Order now

Self Portrait Demonstration in Watercolour

Created for the Watercolour Techniques and Tips Facebook group.
I have found that I love to paint the faces of those that I know well.  I have painted my husband and granddaughters a few times recently.

Challenge 1

Either set up a mirror or get a few photos taken of yourself, where you have a bit of natural lighting on one side to create some contrasting tones.  

I am going to break up the challenge into a few steps.


In my final layer, I use the same colours to create my details and darkest values.


Using just a 2b pencil on cartridge paper, I concentrated on drawing one eye, in its socket, observing carefully the angles of the lines.  I added the tonal values so that I had a good idea of the scale of light to dark.  I traced my image and transferred it onto a piece of watercolour paper.








I love to paint in layers!  With my first layer, I used a red/yellow/blue combination of colours, Permanent Carmine (or Alizarin Crimson), Yellow Ochre and Manganese Blue (or Cerulean Blue).  Leaving the highlights in the eye, under the eye and under the brow unpainted, I connected the other layers with mostly the red and yellow and added the blue to the eye area, allowing the colours to mix on the paper.  Note that the white of the eye (sclera) is not left white, if you look carefully at your reference, compare it’s value to your highlight areas and you will see the sclera is definitely a few tones darker.

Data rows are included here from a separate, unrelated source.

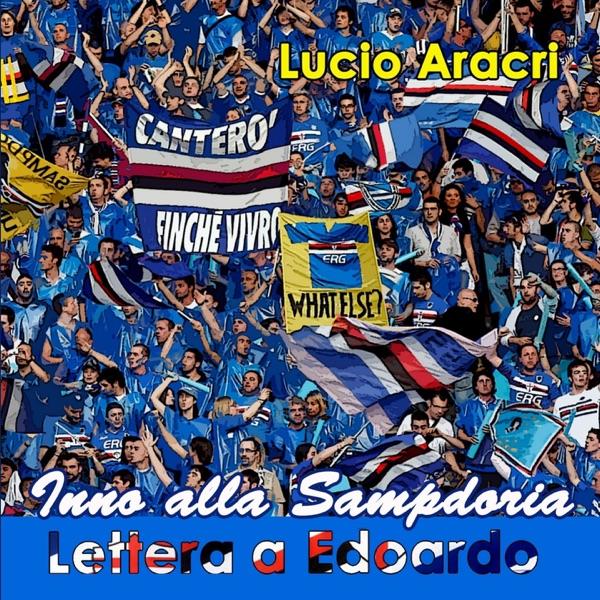 Lettera a Edoardo (Inno alla Sampdoria)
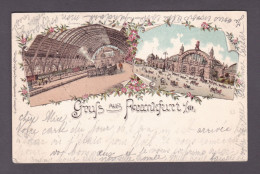 AK Gruss Aus Frankfurt A. Main Hauptbahnhof Inneres Ausseres ( Gare Chemin De Fer Chromo Lithographie  3848) - Frankfurt A. Main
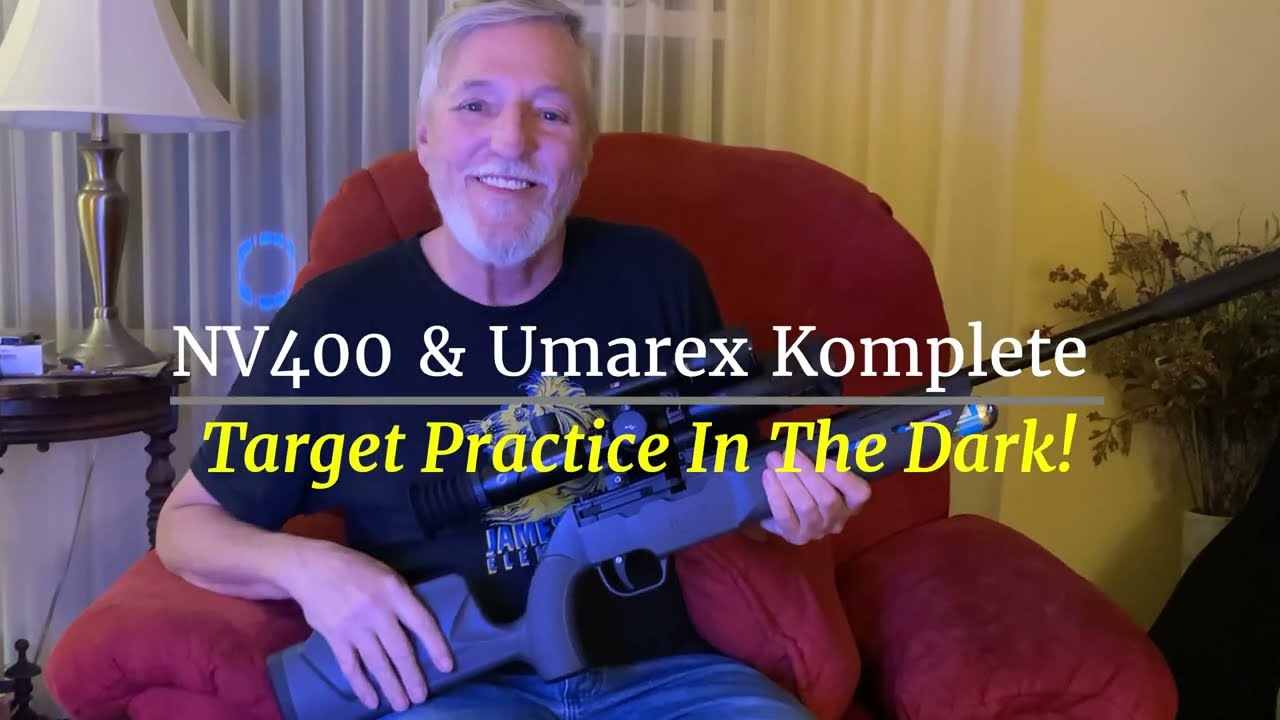 Oneleaf NV400 & Umarex Komplete - Part 2 - Target Practice In The Dark!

For the second layer, I am going to bring in a touch of another blue, French Ultramarine.  Adding a tiny bit of this blue to my red creates a good skin shadow colour.  In this layer I establish the shadow areas.  I soften some of the edges of my brushstrokes to break up some of the crisp outlines that might look a bit disturbing.  Have a look at your reference to see where the hard and soft edges of the shadows occur.







Challenge 2


Create a tonal drawing of yourself, using your mirror or photo.  Have in mind what size painting you want to do and draw your image to that size.  Once your drawing is correct, you can trace the outline of your facial features and transfer the image onto your watercolour paper.  I might want to experiment with my colours and so do a few paintings of the same image..  Having the tracing helps for a quick drawing.


My drawing paper measured 33 x 29cm. There are many different systems of getting a likeness,  most recently I have found a method that really suits me.  I start the drawing, working on one of the eyes and work out from there.  For me, drawing is about relationships of various lines and it is easier for me to compare and relate smaller, closer lines than to start with the big picture and work towards the details.  I also work tonally as I go from one feature to the next.  


Challenge 3 


The final challenge is to create a watercolour portrait of yourself.

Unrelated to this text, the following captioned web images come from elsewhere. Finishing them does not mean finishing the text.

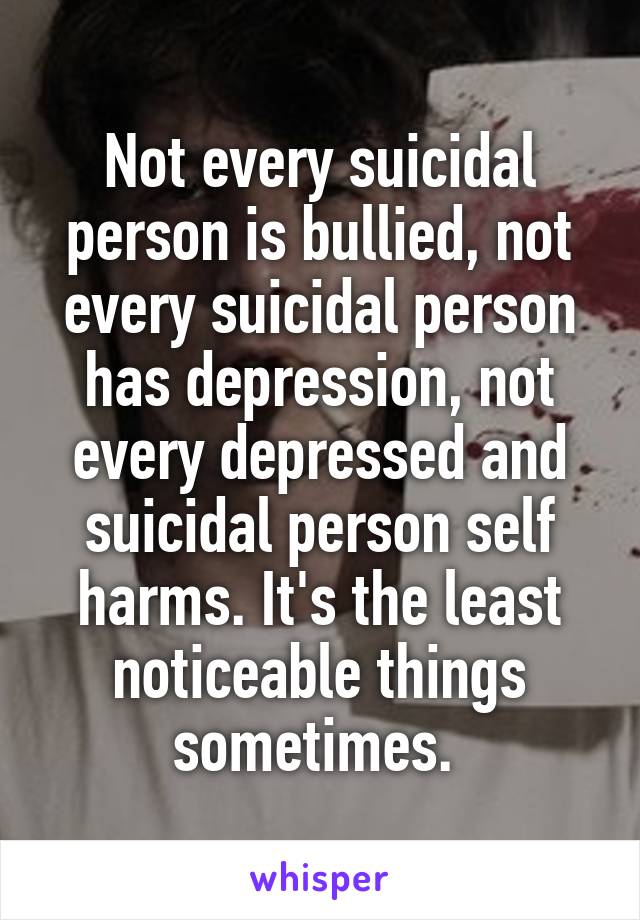 Not every suicidal person is bullied, not every suicidal person has depression, not every depressed and suicidal person self harms. It's the least noticeable things sometimes. 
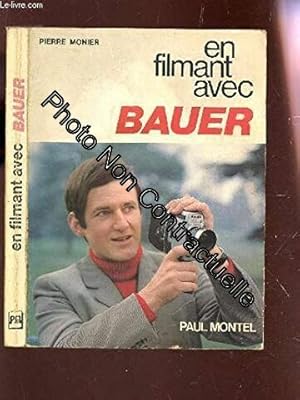 Imagen del vendedor de EN FILMANT AVEC BAUER /2e EDITION a la venta por Dmons et Merveilles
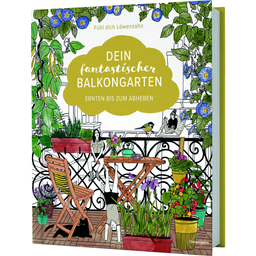 Löwenzahn Verlag Dein fantastischer Balkongarten - 1 Stk.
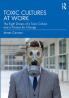 Toxic Cultures at Work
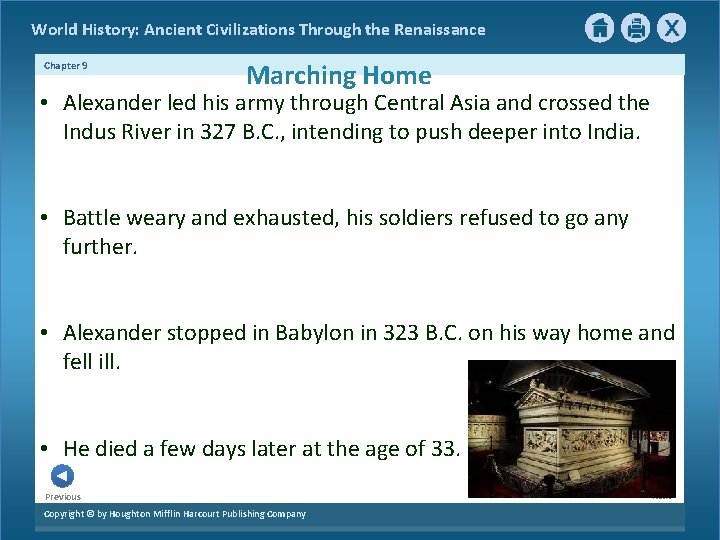 World History: Ancient Civilizations Through the Renaissance Chapter 9 Marching Home • Alexander led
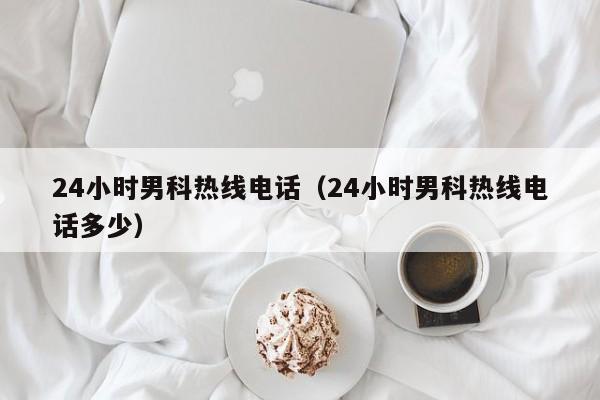 24小时男科热线电话（24小时男科热线电话多少）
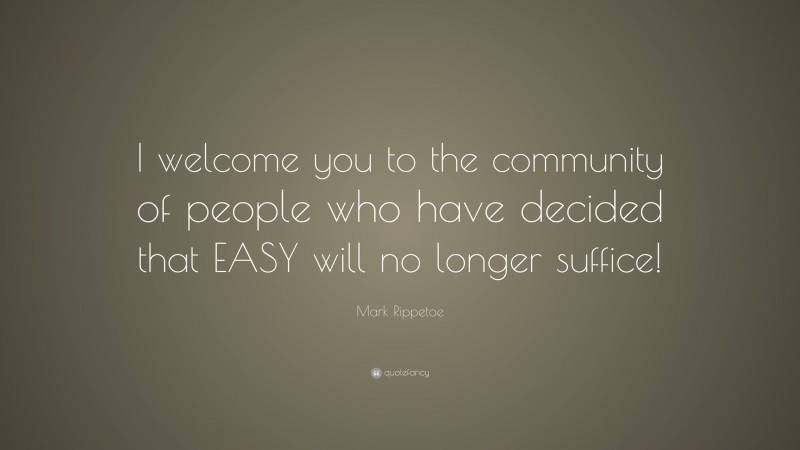 Mark Rippetoe Quote: “I welcome you to the community of people who have decided that EASY will no longer suffice!”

I used my tracing to transfer the outline image onto my watercolour paper.










I added a few more pencil guidelines to identify my lightest areas.  I used the red/yellow/blue combination as in the first challenge, Yellow Ochre, Permanent Carmine (or Alizarin Crimson) and Manganese Blue (or Cerulean Blue) for my first layer.  On dry paper, I started on the face, painting around my highlights, using my three colours, allowing them to mix on the paper rather than the palette.  I work out from the face, onto the hair and into the background creating variegated wash, trying to avoid a flat look.  Once the layer has dried, I see I have a few cauliflowers which the purists will dislike!  I like the texture that they create.


I am now going to add French Ultramarine to my palette while painting my third layer.  I need to establish my blue T-shirt with a darker wash on the right using the French Ultramarine. 

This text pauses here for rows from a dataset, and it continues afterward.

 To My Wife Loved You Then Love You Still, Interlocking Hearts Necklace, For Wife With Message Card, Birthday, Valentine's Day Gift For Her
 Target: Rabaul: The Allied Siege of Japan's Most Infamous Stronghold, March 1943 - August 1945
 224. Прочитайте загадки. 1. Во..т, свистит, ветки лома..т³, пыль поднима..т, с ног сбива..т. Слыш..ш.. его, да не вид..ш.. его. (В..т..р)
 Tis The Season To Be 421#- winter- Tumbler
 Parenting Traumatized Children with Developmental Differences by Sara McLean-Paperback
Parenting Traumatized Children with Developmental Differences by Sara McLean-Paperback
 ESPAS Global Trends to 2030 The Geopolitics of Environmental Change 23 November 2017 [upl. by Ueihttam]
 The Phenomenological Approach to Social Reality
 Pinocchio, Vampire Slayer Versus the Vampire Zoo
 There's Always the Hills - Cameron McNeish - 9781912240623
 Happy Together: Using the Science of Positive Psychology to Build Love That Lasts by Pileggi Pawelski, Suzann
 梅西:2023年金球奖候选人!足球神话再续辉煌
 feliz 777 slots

I want to deepen the shadow area on the face and neck, using my red with a touch of French Ultramarine.  I use the same mix to add some small dark areas to the eyes, nose and mouth.

In this layer I want to establish my mid tones, leaving the first layer of paint to show through where I want my lighter tones to be placed.  I mix some red and yellow to create the mid tones on the face and a blue/yellow mix to the eyes.  I now want to establish the mid tones of the hair, I have found that mixing a bit of sap green into my Yellow Ochre creates a good blond colour!  I add a bit of the red to this mix to get a reddish brown for the shadow areas of the hair.  I allow this to dry.





The painting looked a bit insipid and needed a bit of contrast.  I decided to darken the background, especially on the left where the hair is light.  I wet the area on the left and dropped in some red and Fr. Ultr.  and then carried on with a lighter wash on the other side.  I darkened the dark areas in the hair and some of the dark areas on the face and neck.